To dobrze, że feministki chcą sprawdzić, jak instytucje kościelne realizują programy równościowe. Dzięki temu ujawnią, jak "równość płci" rozumieją środowiska promujące gender
To dobrze, że feministki chcą sprawdzić, w jaki sposób instytucje kościelne realizują programy równościowe. Dzięki temu łatwiej będzie zweryfikować, co pod pojęciem „równości płci” rozumieją te środowiska, które promują ideologię gender.
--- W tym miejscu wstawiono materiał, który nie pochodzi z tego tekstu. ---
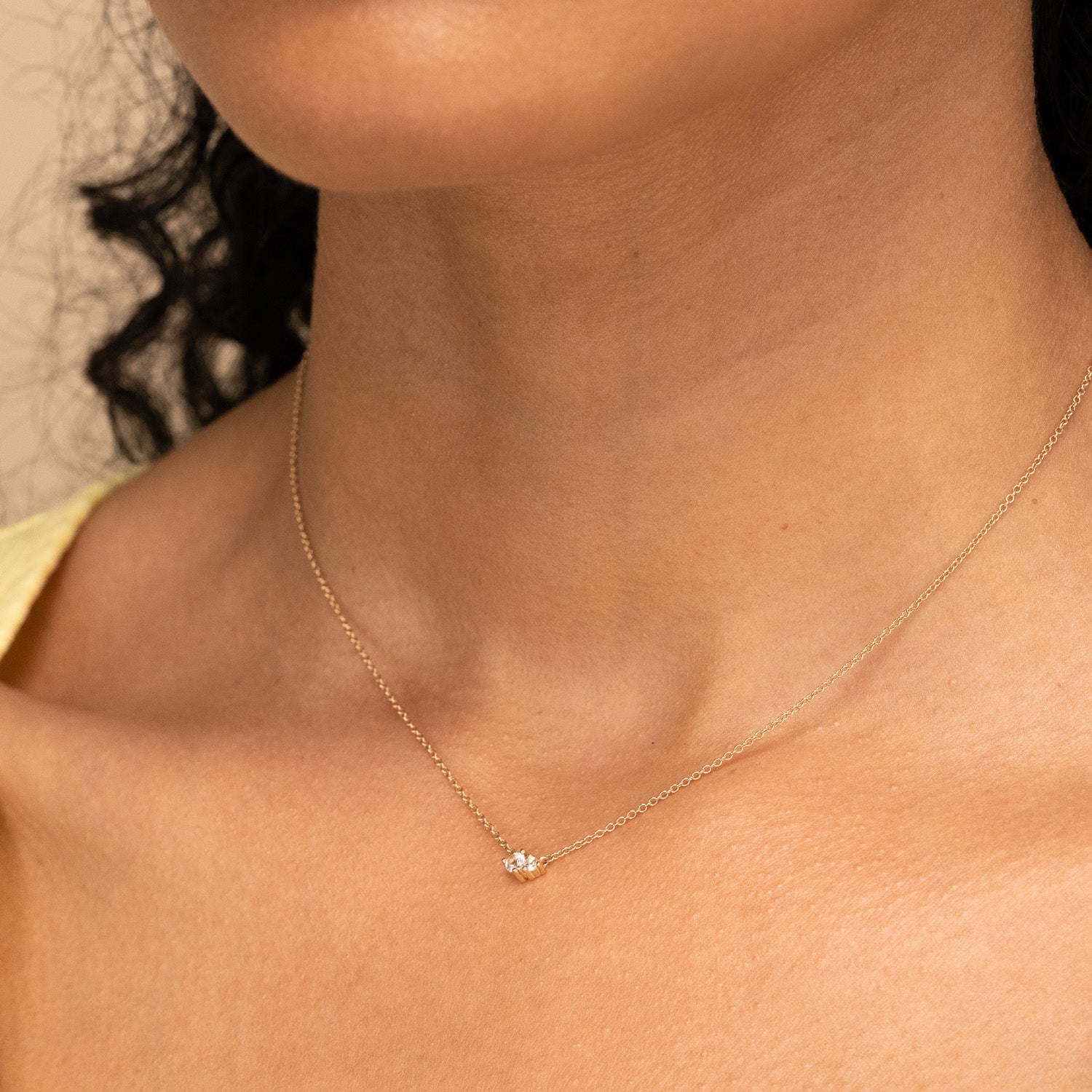 Woman wearing the Hue Necklace, a handcrafted 14k solid gold piece with genuine white topaz gemstones, shown close-up on her neck.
Przedstawicielki Fundacji Feminoteka dziwią się temu, że instytucje związane z Kościołem katolickim realizują programy równościowe i że w tym celu korzystają między innymi z funduszy Unii Europejskiej. Postulują przy tej okazji, by Najwyższa Izba Kontroli sprawdziła, czy dotacje zostały wydane przez instytucje kościelne zgodnie z zaleceniami Unii Europejskiej. Wanda Nowicka potwierdziła, że parlamentarzyści złożą wniosek do NIK o skontrolowanie tych wydatków. Feministki sprawiają wrażenie, jakby nigdy nie słyszały o tym, że Kościół katolicki od początku swego istnienia głosi prawdę o jednakowej godności i całkowitej równości kobiet i mężczyzn. Sprawiają też wrażenie, jakby nie wiedziały, jak wielkiej promocji kobiety dokonało chrześcijaństwo w stosunku chociażby do islamu czy do judaizmu. Islam pozwala na to, by mężczyzna miał kilka kobiet i by ojciec zabił córkę, jeśli ta wiąże się z mężczyzną, który nie jest muzułmaninem. W judaizmie do naszych czasów kobiety nie mogą wchodzić do świątyni razem z mężczyznami.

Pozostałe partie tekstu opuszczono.